Странно, но первое, что припомнилось мне, — загадочная история с моим соседом. Человек этот жил на одной лестничной площадке со мной в гэбэшном доме — А. Тарада, бывший второй секретарь Краснодарского обкома. У нас не было никаких контактов, но после его «истории» многие узнали, что там не все благополучно.

Дело в том, что в 1983 году Тарада был арестован. У себя в крае он руководил торговлей и местной промышленностью, где и созданы были структуры «теневой» экономики, главным образом, левые цеха, щедро обеспечивающие деньгами партократию. После ареста просочился слух, что на следствии он рассказал о краснодарской мафии. И был назван глава этой мафии, или человек, который находился на полном ее содержании, — первый секретарь крайкома Сергей Медунов. Тарада умер в тюрьме при довольно запутанных обстоятельствах. Молва утверждала: убит после своих откровенных признаний.

Значит, предстояло открыть для себя Кубань заново. Надо было собрать о ней как можно больше данных, знать все: и историю кубанского казачества, и основные этапы его развития, экономику края, противоборствующие там силы.
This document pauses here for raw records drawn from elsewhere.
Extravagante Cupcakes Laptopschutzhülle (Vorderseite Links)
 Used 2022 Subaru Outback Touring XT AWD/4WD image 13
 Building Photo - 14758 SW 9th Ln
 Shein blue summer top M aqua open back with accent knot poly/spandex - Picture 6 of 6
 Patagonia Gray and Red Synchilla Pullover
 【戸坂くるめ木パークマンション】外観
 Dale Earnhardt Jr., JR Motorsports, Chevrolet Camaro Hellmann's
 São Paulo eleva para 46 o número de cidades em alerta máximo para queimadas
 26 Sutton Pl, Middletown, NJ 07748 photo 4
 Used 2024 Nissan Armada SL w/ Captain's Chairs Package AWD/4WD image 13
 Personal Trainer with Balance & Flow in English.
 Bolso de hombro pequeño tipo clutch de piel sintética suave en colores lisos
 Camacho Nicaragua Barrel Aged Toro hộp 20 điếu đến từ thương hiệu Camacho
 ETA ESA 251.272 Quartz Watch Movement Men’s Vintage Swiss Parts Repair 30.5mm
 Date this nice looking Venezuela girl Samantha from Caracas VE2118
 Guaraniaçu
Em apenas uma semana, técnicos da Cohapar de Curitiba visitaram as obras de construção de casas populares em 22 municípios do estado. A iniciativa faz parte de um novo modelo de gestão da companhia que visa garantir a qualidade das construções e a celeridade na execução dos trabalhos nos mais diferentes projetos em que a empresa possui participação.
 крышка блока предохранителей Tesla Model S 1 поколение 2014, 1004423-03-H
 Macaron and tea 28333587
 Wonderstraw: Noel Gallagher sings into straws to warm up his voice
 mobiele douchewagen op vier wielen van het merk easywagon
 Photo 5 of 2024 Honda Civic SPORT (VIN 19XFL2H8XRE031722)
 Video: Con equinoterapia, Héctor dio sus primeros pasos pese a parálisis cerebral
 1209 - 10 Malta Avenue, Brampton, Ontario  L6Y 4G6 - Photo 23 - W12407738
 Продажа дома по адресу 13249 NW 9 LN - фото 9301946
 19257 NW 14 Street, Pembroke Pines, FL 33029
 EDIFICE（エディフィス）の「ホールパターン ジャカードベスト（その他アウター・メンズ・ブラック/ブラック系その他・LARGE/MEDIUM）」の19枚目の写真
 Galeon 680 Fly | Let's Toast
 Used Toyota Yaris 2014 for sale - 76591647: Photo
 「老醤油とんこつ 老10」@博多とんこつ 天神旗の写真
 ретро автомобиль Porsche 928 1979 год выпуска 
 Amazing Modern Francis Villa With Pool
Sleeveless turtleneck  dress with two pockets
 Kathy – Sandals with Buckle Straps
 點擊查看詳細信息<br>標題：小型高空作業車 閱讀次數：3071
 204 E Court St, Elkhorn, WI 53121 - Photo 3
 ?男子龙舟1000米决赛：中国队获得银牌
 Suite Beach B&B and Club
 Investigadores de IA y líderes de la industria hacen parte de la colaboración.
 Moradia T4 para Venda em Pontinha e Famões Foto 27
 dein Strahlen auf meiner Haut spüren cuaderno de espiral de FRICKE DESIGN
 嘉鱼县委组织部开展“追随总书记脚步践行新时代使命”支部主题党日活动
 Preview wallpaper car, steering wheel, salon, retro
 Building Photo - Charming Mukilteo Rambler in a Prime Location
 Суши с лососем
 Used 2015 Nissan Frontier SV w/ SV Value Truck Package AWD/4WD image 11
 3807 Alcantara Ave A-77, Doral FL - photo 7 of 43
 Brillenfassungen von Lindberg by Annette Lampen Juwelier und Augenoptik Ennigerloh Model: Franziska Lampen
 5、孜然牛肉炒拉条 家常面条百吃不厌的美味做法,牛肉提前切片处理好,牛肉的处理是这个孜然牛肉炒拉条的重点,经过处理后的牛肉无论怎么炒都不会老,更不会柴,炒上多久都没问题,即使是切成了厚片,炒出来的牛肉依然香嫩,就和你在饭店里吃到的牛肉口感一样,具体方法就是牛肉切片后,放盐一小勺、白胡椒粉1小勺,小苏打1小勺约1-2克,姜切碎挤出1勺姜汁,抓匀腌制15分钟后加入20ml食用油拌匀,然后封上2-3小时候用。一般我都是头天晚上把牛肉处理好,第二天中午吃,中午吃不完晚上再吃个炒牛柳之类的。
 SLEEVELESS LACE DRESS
А у меня неделя, всего одна неделя перед отъездом в Краснодар. Я начал лихорадочно сколачивать свою команду из тех, кто оказался рядом и поддержал меня в первые дни после выступления на демплатформе.

Через несколько дней с двумя добровольцами — помощниками из числа зеленоградских активистов — я прибыл во Внуково. Мы уже были готовы к посадке, как неожиданно объявили о задержке на несколько часов из-за неисправности самолетов сразу двух утренних рейсов. Это показалось нам необычным. В дни, предшествовавшие моему телефонному разговору с Краснодаром, я имел возможность убедиться в том, что мой домашний телефон прослушивают, а самого меня нередко сопровождают бравые молодцы и подкрашенные дамочки из наружного наблюдения. К одному из сыщиков, проявивших ротозейство и потерявших меня в толпе на Арбате, я подошел сзади и, хлопнув по-товарищески по плечу, посоветовал проявлять больше бдительности и профессионального мастерства. Он как ошпаренный ринулся в подземный переход, но успел передать эстафету молодой девице, сопровождавшей меня до гостиницы «Россия», в лабиринтах которой я был ею потерян.

Одновременная поломка двух самолетов на одном направлении могла быть случайным совпадением, но в равной степени могла быть уловкой чекистов, работающих в Аэрофлоте, чтобы не допустить моего появления на предвыборном собрании. Мы приуныли и направились к администратору, чтобы сообщить о сдаче билетов. Там подтвердили, что рейсы задерживаются до 16 часов. Это означало, что на собрание мы не успеем. Тем не менее, заявив официально об отказе от полета, сдать билеты мы не поспешили, а решили подождать с часок в зале аэропорта.

Через 40 минут была объявлена посадка и «неисправный» самолет вылетел в Краснодар. Мы вошли в зал института «Газпереработка», когда президиум собрания, потеряв надежду на наш приезд, уже приступил к работе. Мое появление было встречено дружными аплодисментами. Через час все закончилось. 97 % присутствовавших проголосовали за мое выдвижение кандидатом.

17 июля Краснодарская избирательная комиссия официально зарегистрировала меня кандидатом в депутаты, одним из 21. В тот же день Прокуратура СССР возбудила уголовное дело по факту разглашения государственной тайны от моего имени, но кандидатская карточка мне уже была выдана. Если КГБ имел в виду сорвать регистрацию, то он опять опоздал.